WORK INSTRUCTION:
Below are the records; give again exactly the line with "Η Γεωργία Σιακαβάρα", the line with "Image 1 - 701", and each line that lies between them, and nothing besides.

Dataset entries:
= = = = = = =

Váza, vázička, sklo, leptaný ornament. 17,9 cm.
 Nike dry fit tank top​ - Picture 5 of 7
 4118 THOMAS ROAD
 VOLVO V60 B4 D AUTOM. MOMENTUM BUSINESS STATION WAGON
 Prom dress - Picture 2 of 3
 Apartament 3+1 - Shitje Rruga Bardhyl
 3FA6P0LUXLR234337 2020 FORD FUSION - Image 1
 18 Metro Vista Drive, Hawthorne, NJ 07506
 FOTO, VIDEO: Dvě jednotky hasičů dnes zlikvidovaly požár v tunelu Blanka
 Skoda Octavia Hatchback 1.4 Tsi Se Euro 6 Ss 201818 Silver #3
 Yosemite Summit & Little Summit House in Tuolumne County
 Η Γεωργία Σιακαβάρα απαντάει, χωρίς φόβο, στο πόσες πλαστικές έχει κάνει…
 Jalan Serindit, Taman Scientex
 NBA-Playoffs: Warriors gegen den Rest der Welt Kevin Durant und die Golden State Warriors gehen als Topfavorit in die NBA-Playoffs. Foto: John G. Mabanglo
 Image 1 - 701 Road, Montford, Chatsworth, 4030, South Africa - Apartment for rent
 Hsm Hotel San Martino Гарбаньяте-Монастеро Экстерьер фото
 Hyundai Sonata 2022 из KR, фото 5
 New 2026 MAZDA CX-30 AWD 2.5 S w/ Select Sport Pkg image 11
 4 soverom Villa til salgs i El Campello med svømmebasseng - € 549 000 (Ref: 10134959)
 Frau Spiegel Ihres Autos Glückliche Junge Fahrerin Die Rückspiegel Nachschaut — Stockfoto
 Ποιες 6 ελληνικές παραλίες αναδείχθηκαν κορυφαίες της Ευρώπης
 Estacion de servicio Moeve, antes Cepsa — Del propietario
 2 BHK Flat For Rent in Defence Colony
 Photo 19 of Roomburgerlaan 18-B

= = = = = = =

EXERCISE ANSWER:
 Η Γεωργία Σιακαβάρα απαντάει, χωρίς φόβο, στο πόσες πλαστικές έχει κάνει…
 Jalan Serindit, Taman Scientex
 NBA-Playoffs: Warriors gegen den Rest der Welt Kevin Durant und die Golden State Warriors gehen als Topfavorit in die NBA-Playoffs. Foto: John G. Mabanglo
 Image 1 - 701 Road, Montford, Chatsworth, 4030, South Africa - Apartment for rent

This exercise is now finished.